__ACTIVITY__.
Reproduce every line of the data, exactly and without its pictures.

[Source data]
-- Opening Marker --
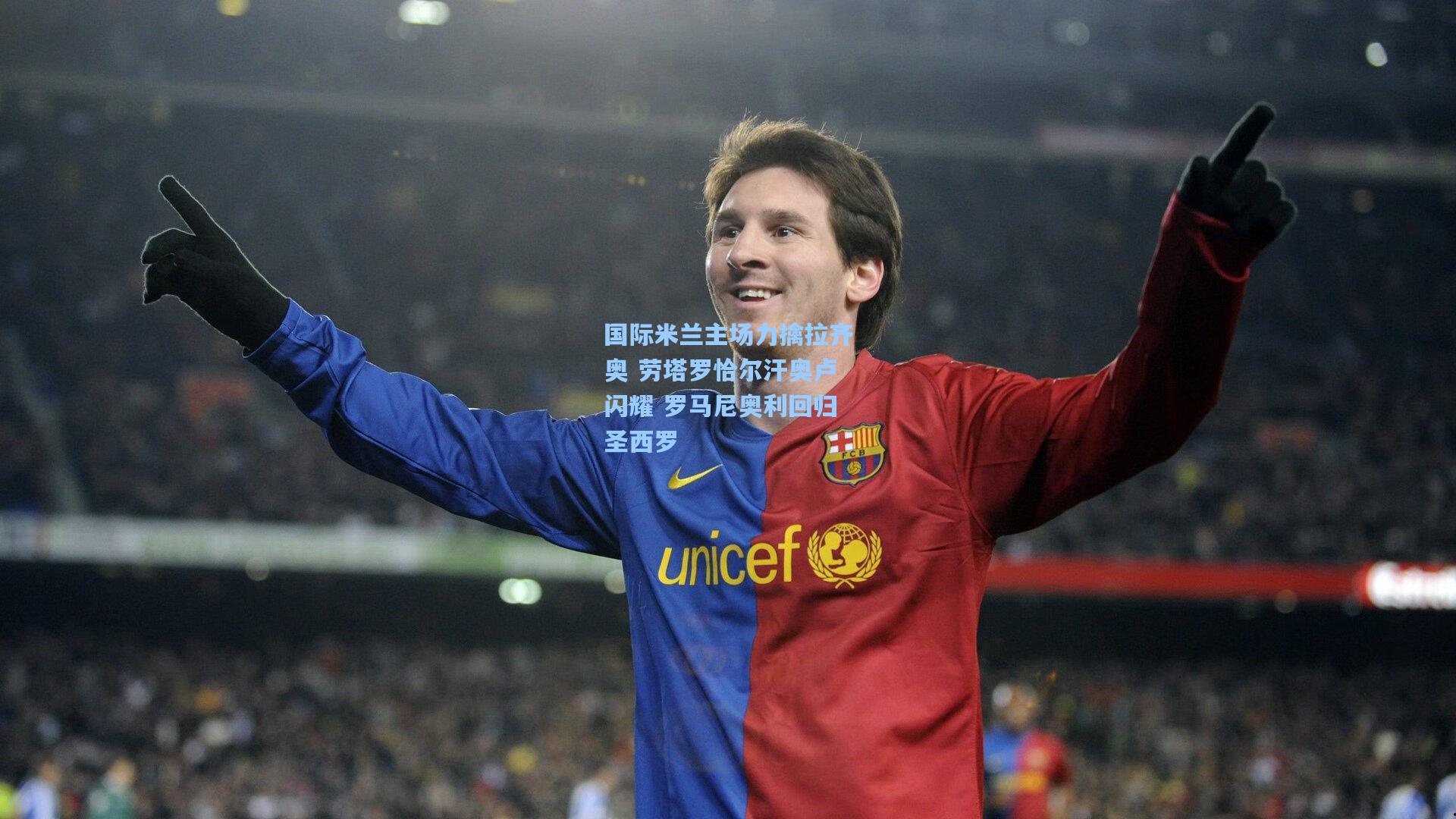 国际米兰主场力擒拉齐奥 劳塔罗恰尔汗奥卢闪耀 罗马尼奥利回归圣西罗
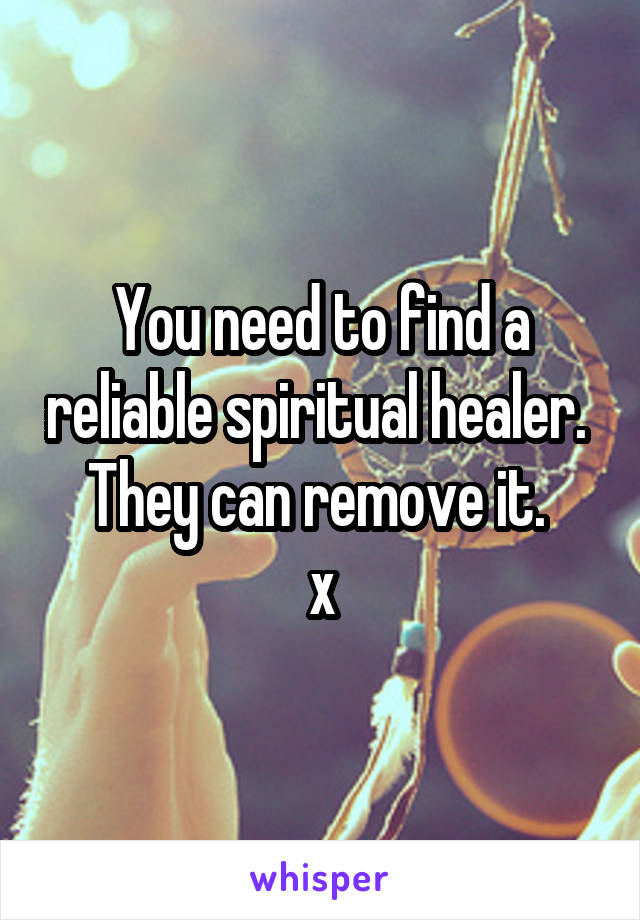 You need to find a reliable spiritual healer. 
They can remove it. 
x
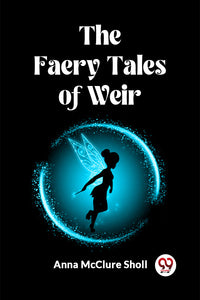 The Faery Tales of Weir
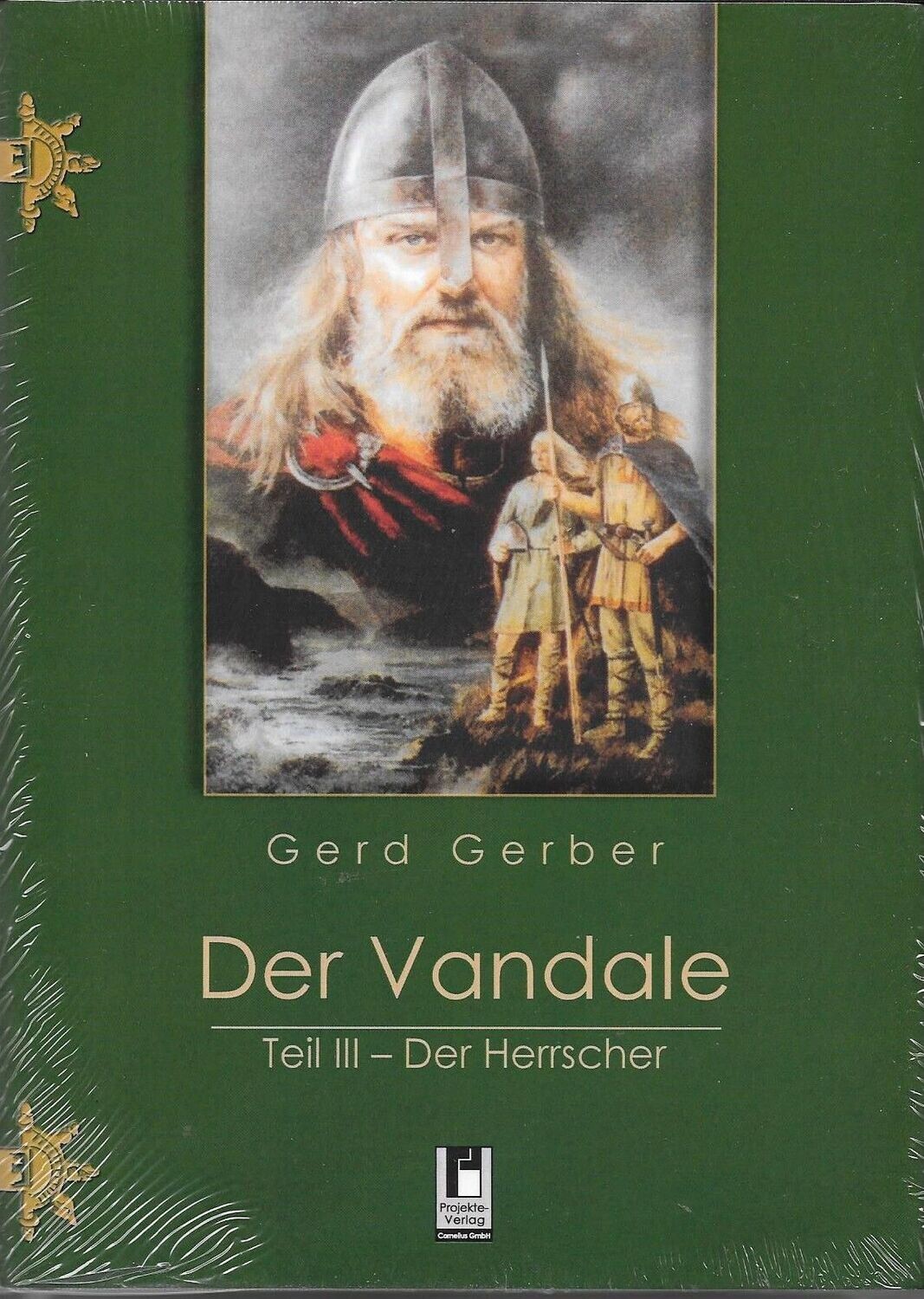 Der Vandale I - III von Gerd Gerber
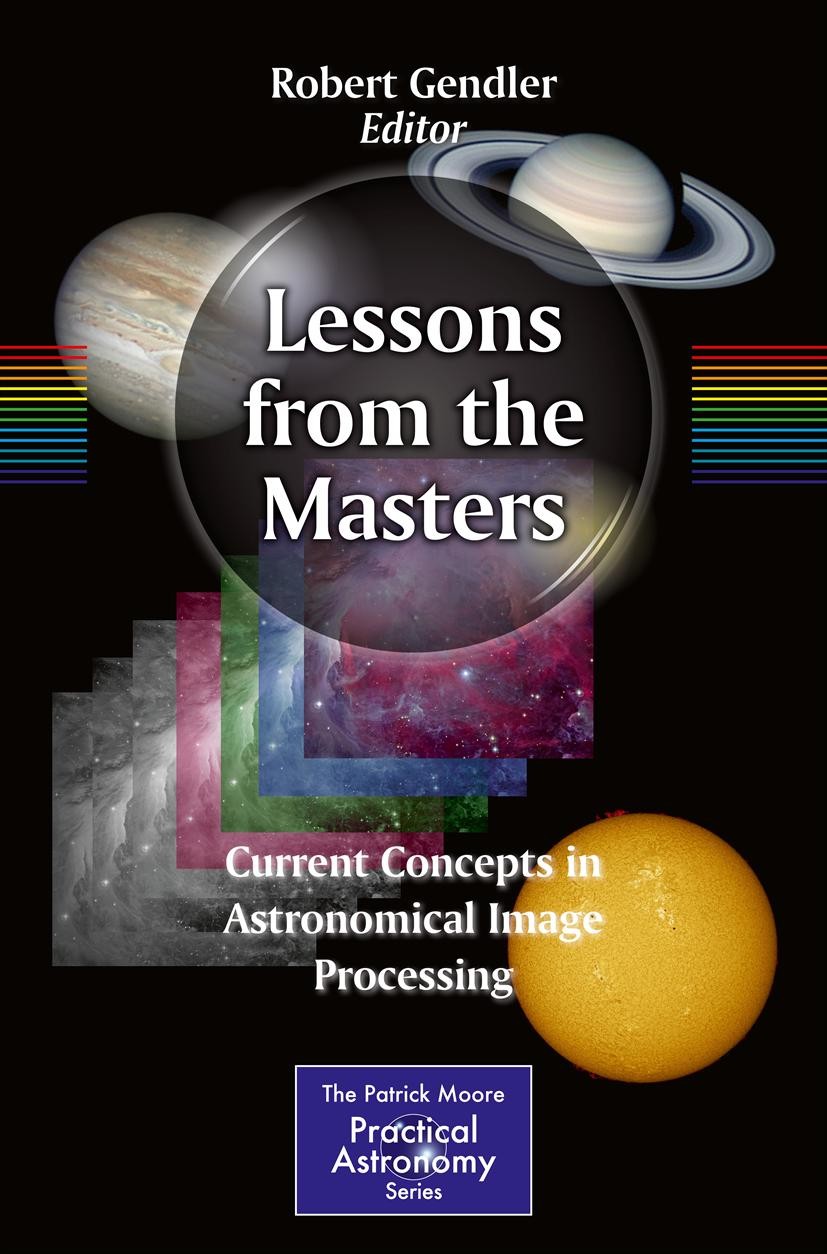 Titlebook: Lessons from the Masters; Current Concepts in Robert Gendler Book 2013 Springer Science+Business Media New York 2013 Advanced Astrophotogr Titlebook: Lessons from the Masters; Current Concepts in Robert Gendler Book 2013 Springer Science+Business Media New York 2013 Advanced Astrophotogr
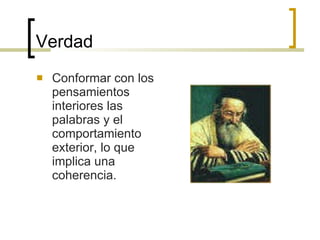 Verdad Conformar con los pensamientos interiores las palabras y el comportamiento exterior, lo que implica una coherencia.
-- Closing Marker --
__OUTPUT FOR THIS TASK__.
 国际米兰主场力擒拉齐奥 劳塔罗恰尔汗奥卢闪耀 罗马尼奥利回归圣西罗
 You need to find a reliable spiritual healer. 
They can remove it. 
x
 The Faery Tales of Weir
 Der Vandale I - III von Gerd Gerber
 Titlebook: Lessons from the Masters; Current Concepts in Robert Gendler Book 2013 Springer Science+Business Media New York 2013 Advanced Astrophotogr Titlebook: Lessons from the Masters; Current Concepts in Robert Gendler Book 2013 Springer Science+Business Media New York 2013 Advanced Astrophotogr
 Verdad Conformar con los pensamientos interiores las palabras y el comportamiento exterior, lo que implica una coherencia.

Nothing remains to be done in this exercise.